**Given material**
+ + + + + + +
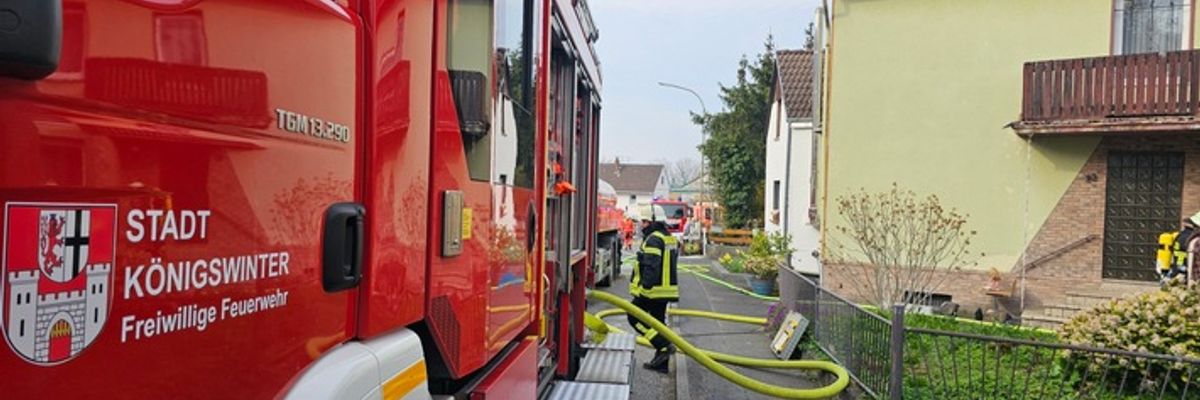 FW Königswinter: Brandausbreitung auf Wohnhaus verhindert
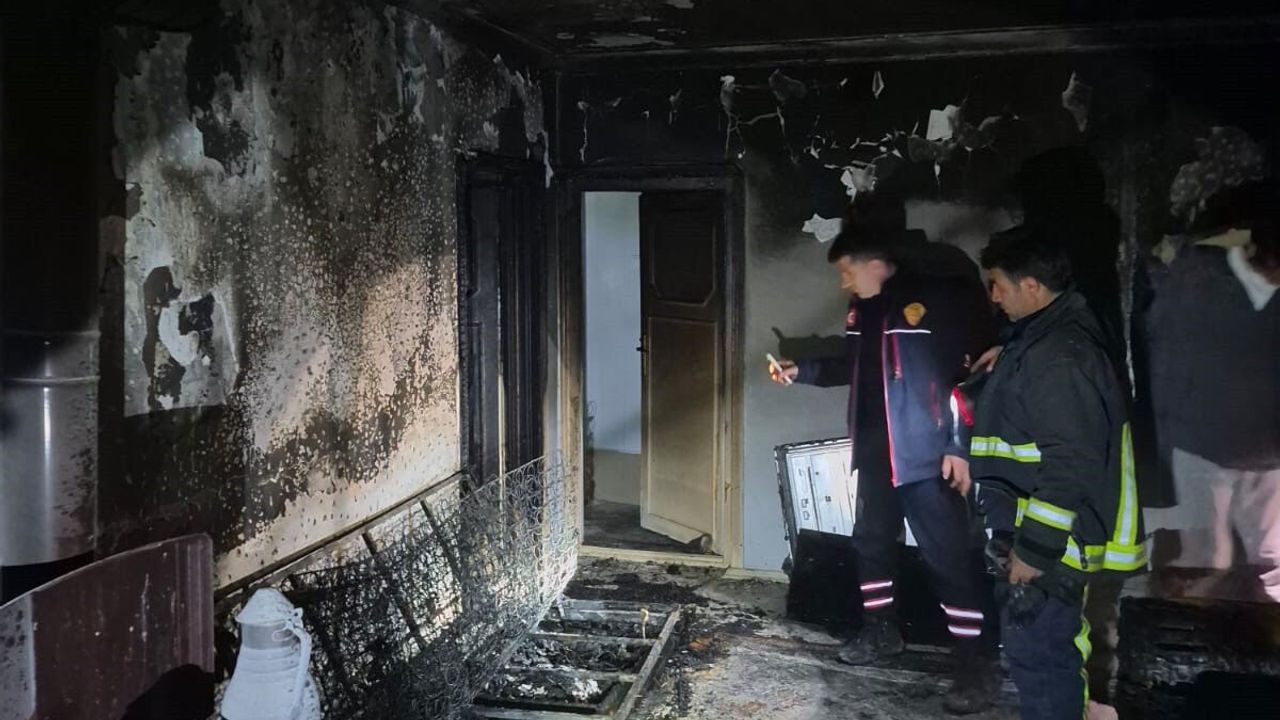 Van'da Yangın: Bir Ev Alev Alev Yandı, Neler Oldu?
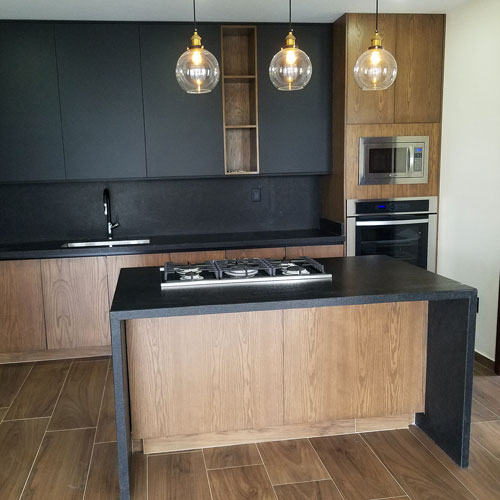 Cocina Negra Mate y Madera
+ + + + + + +
**Task instructions**
Starting at the line with "Van'da Yangın: Bir" and stopping at the final line of the material, reproduce each line exactly, both ends included. Leave the pictures out.

**Solution to this problem**
 Van'da Yangın: Bir Ev Alev Alev Yandı, Neler Oldu?
 Cocina Negra Mate y Madera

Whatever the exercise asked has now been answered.